Dois anos e meio após a sua dissolução, uma nova organização é formada pelos Anglo-Saxões reutilizando, para isso, o nome dos «Irmãos Muçulmanos». Aproveitando-se da prisão dos dirigentes históricos, o antigo juiz Hassan al-Hodeibi é eleito Guia-chefe. Contrariamente a uma ideia muitas vezes aceite, não há nenhuma continuidade histórica entre a antiga e a nova Irmandade. Verifica-se que uma unidade da antiga sociedade secreta, o «Aparelho Secreto», tinha sido encarregado por Hassan el-Banna de perpetrar os atentados dos quais ele negava a paternidade. Esta organização dentro da organização era tão secreta que ela não foi tocada pela dissolução da Irmandade e coloca-se agora à disposição do seu sucessor. O Guia decide repudiá-la e declara querer atingir os seus objetivos apenas de forma pacífica. É difícil estabelecer o que se passou exatamente naquele momento preciso entre os Anglo-Saxões, que queriam recriar a antiga sociedade secreta, e o Guia, o qual apenas queria recuperar sua audiência junto das massas. Em qualquer caso, o Aparelho Secreto perdurou e a autoridade do Guia apagou-se em proveito da de outros responsáveis da Irmandade, abrindo uma verdadeira guerra interna. A CIA colocou na sua direção o franço-maçon  Sayyid Qtub [1], o teórico da Jihade, que o guia condenou antes de concluir um acordo com o MI6.

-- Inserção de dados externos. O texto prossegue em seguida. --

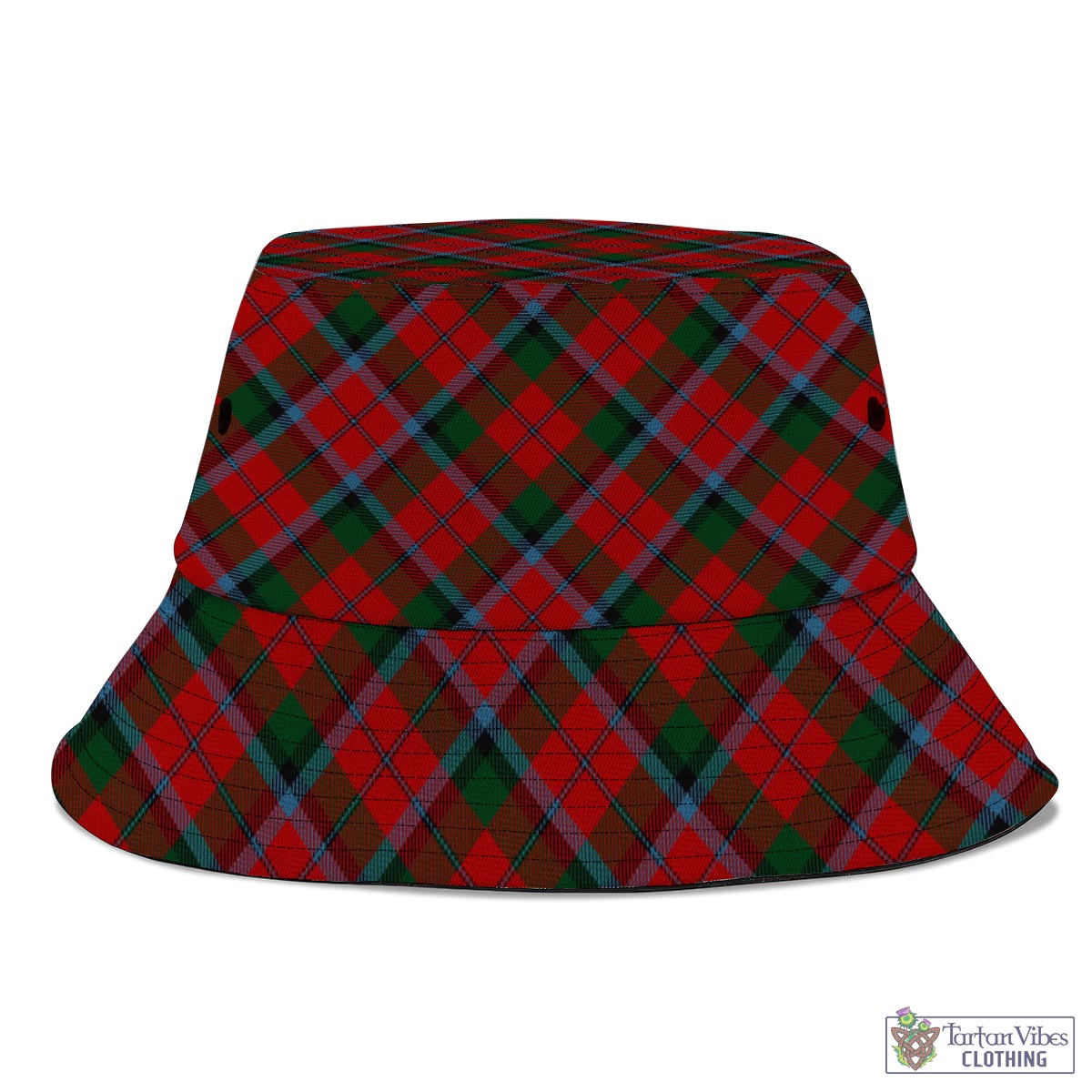 Tartan Vibes Clothing MacNaughton Tartan Bucket Hat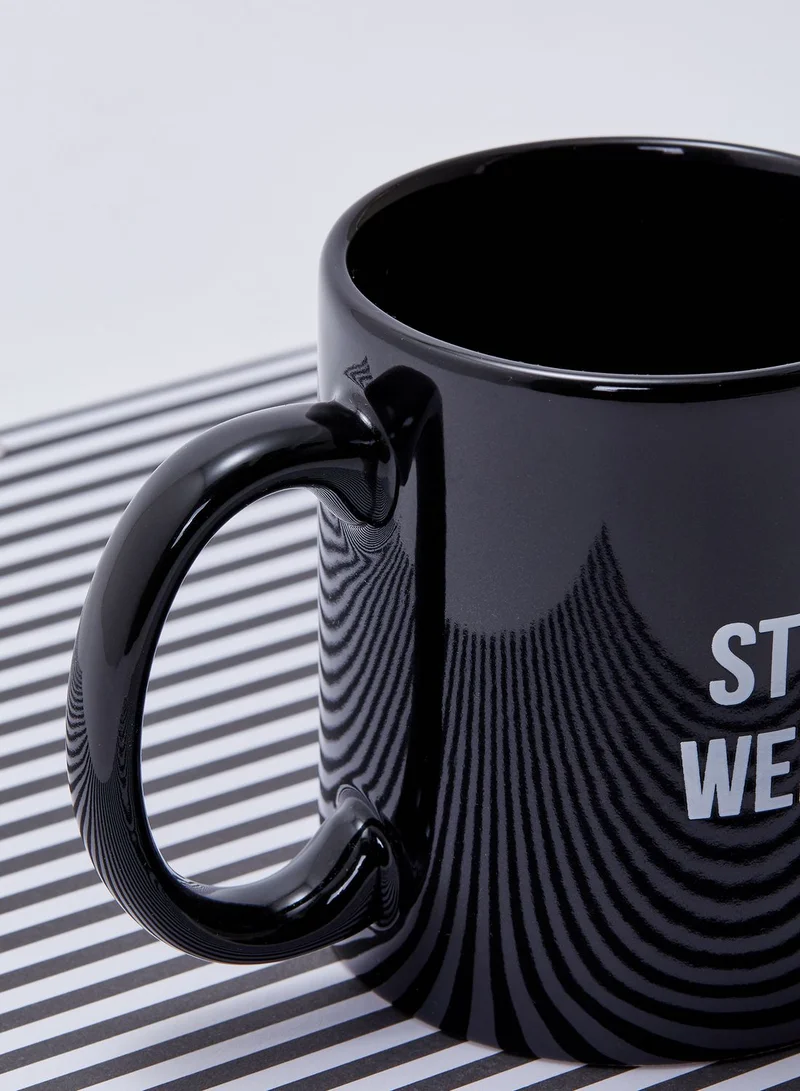 Typo Stay Weird Mug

É impossível especificar as relações de subordinação interna entre uns e outros, por um lado porque cada ramo estrangeiro tem a sua própria autonomia e, por outro lado, porque as unidades secretas no seio da organização não dependem mais, absolutamente, nem do Guia-chefe, nem do Guia local, mas, por vezes, diretamente da CIA e do MI6.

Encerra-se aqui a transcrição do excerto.